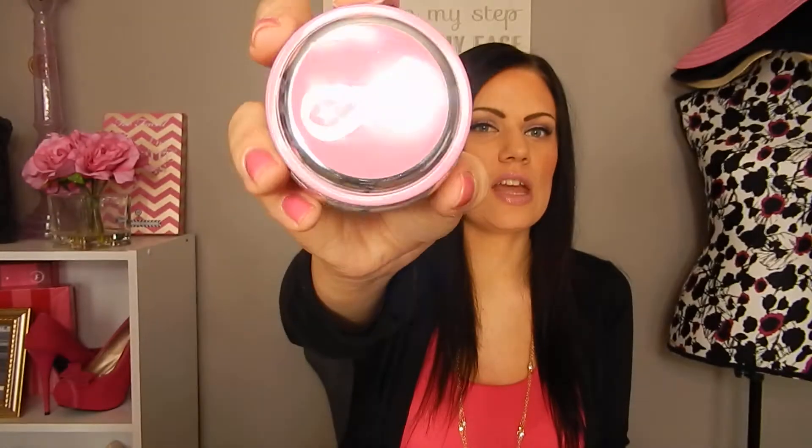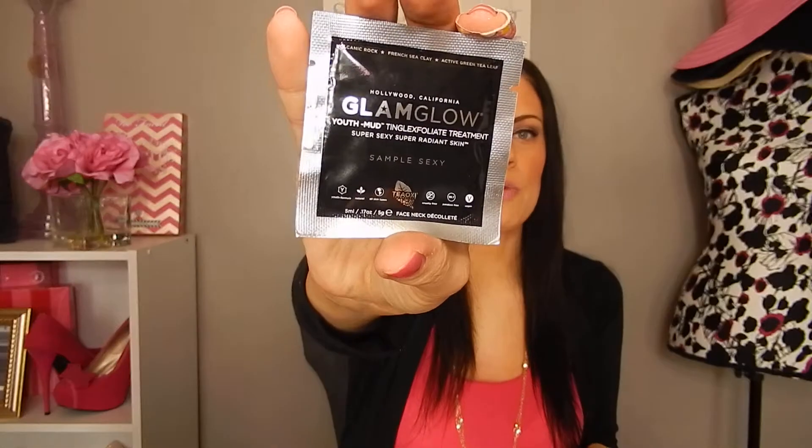In October I bought the Glam Glow Youth Mud Mask. This came in the limited edition breast cancer awareness packaging. And when they sent me the order, it had a ton of freebies in it. They came with the Glam Glow Youth Mud Tingle sample, which is just a sample of the big jar, and then the Glam Glow Super Mud Clearing Treatment — and it was two of these as well. I used them maybe the first or second week after I had gotten them.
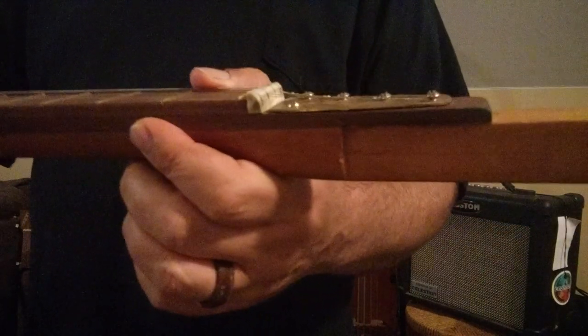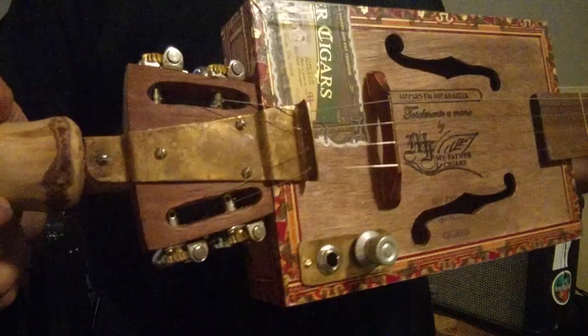A little knob with a little bark on it on the top, strings of course, just under screws down here, a brass plate, and a tailpiece.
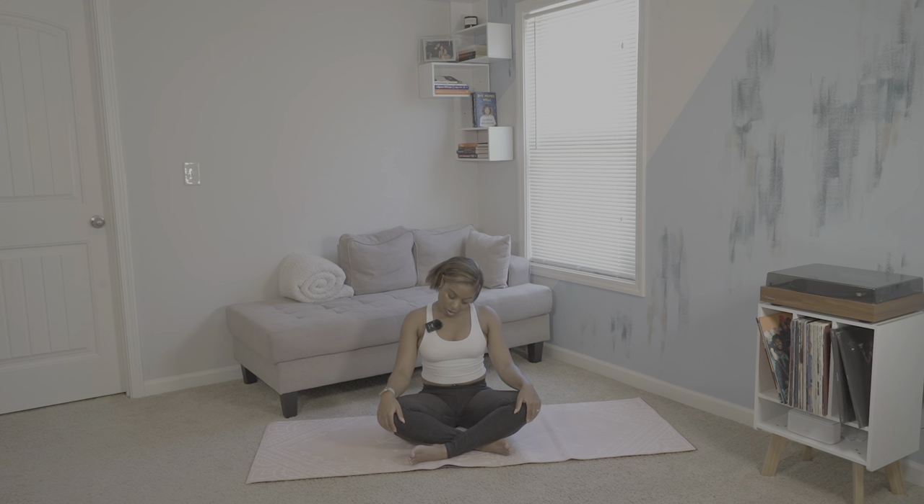Allow yourself to feel all the sensations. Then we'll go the opposite way — you have two more times.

TASK DESCRIPTION: Give the listing again in full, exactly as it is, but without its images.

RESPONSE AREA:
In October I bought the Glam Glow Youth Mud Mask. This came in the limited edition breast cancer awareness packaging. And when they sent me the order, it had a ton of freebies in it. They came with the Glam Glow Youth Mud Tingle sample, which is just a sample of the big jar, and then the Glam Glow Super Mud Clearing Treatment — and it was two of these as well. I used them maybe the first or second week after I had gotten them.
A little knob with a little bark on it on the top, strings of course, just under screws down here, a brass plate, and a tailpiece.
Allow yourself to feel all the sensations. Then we'll go the opposite way — you have two more times.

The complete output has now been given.